A master of the lute, an instrument popular in the Renaissance and baroque periods, van Wissem has managed to make an old-fashioned instrument sound very contemporary, even adopting innovative approaches like palindromic structures in his compositions. On stage, he mixes compositions by Robert de Visse, a 17th-century lutenist who played in the court of French kings Louis XIV and Louis XV, with performances on 12-string electric guitar and electronics.
On his first lute record in 2000, "Retrograde Renaissance Lute: A Classical Deconstruction," he played the scores backward. "I felt I had to personalize the lute repertoire to make it my own. The Renaissance pieces all end resolved, which I think is boring," van Wissem explains.
"Later I started to quote baroque lute themes in my compositions and play them backwards creating mirror images as palindromes, sort of medieval sampling in a way. I am still into repetition of a few chords. That is more interesting than playing 100 single notes," he continued.
This approach to the instrument and to music composition is perhaps why van Wissem is often seen sharing the stage with avant-garde and experimental musicians, even though he comes from a classical music background.

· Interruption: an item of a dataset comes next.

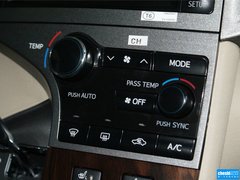 2013款 2.7L 自动 四驱豪华版 5座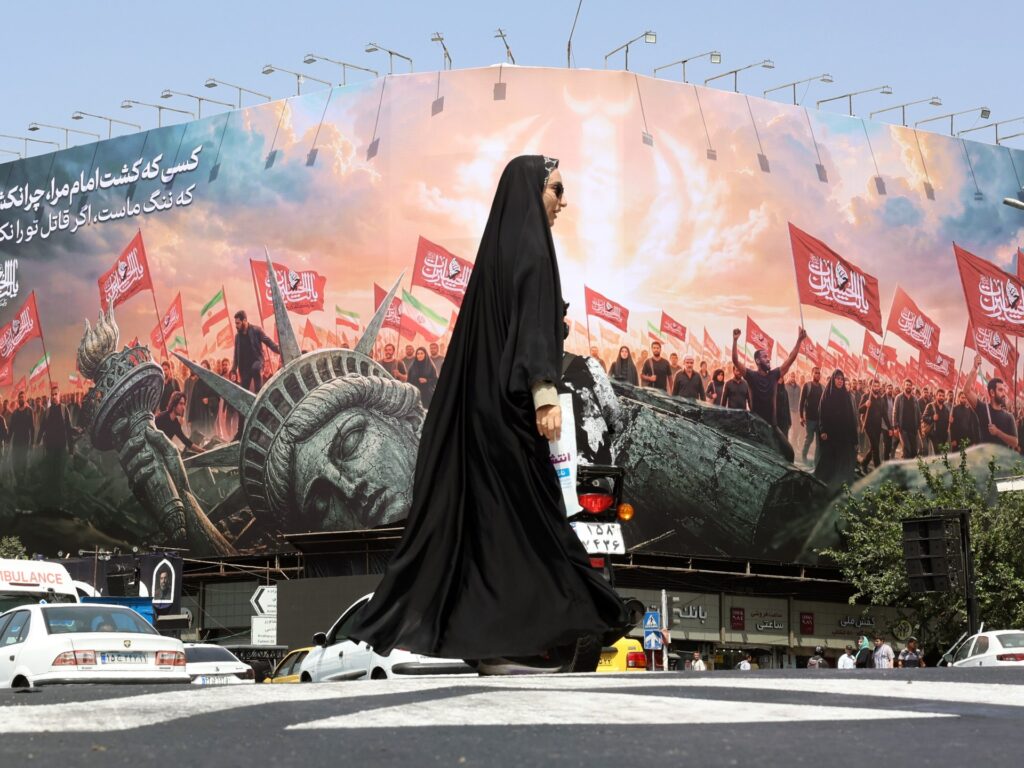 iran-war-live:-tehran-denies-us-talks-as-trump-warns-of-‘last-chance’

At age 16, he was already juggling duties playing Vivaldi pieces on classical guitar with the Limburg Symphony Orchestra and guitar in punk band Mort Subite.
Born in Maastricht, the Netherlands, van Wissem owned a music bar and played electric guitar in an experimental group but packed up and moved to New York in the early 1990s after receiving an invitation from an American producer to go there. "I got sick of the rock and roll lifestyle," he said, and began a period of introspection, returning to the acoustic guitar.
It was then that he chanced upon an ad in The Village Voice from a lute teacher and thus began his lute studies. He tells me that the instrument was not unfamiliar, as he had been interested in the instrument from an early age, beginning with playing lute pieces during classical guitar lessons he took at age 11 from a book called "Music from Shakespeare's Time."
Jozef van Wissem manages to make the lute sound very contemporary.
Van Wissem won the Soundtrack Award in 2013 at the Cannes Film Festival for his score to "Only Lovers Left Alive," a "crypto-vampire love story" starring Tilda Swinton and Tom Hiddleston currently screening in Russian cinemas. He taught Hiddleston how to play the lute on set, and tells me that at the after-party in Cannes, Hiddleston said he had based the role partly on him.
"His lute was essential. His music was inspiring even when I was writing early versions of this story. But the lute became very inspiring for several reasons. One, his approach has a kind of minimalism to it that is very strong and not intended to show off technique, but to employ the technique for result," Jim Jarmusch, the film's director, said about van Wissem in an interview with Spin magazine.
Van Wissen and Jarmusch go back a long way since a chance meeting on the street in 2006, where he passed the director some of his recordings. They soon developed a close friendship over drinking green tea at the Pink Pony cafe in the East Village and had many conversations about lutes, William Blake and 18th-century Christian mystic Emanuel Swedenborg, best known for "Heaven and Hell," his book on the afterlife, he recalls.
The two have since released three albums as a duo, their most recent being "The Mystery of Heaven," released on Sacred Bones Records in 2012.
"As a friend I think I sort of created a way for him to become a true musician again after all these years. It's an identity you know, you can't fake it," he said about their relationship, admitting that he prefers the company of visual artists to musicians.
"The musician's vocabulary is very limited, they only talk about their next show or about food. I learn more from visual artists or filmmakers. I love their methodical approach."
Jozef van Wissem plays at the Philharmonic of New Musical Arts (FINOMI), Podososensky Pereulok 20, Entrance 1. Metro Kurskaya/Chkalovskaya, on May 17, 8 p.m. Tickets available at finomi.ru.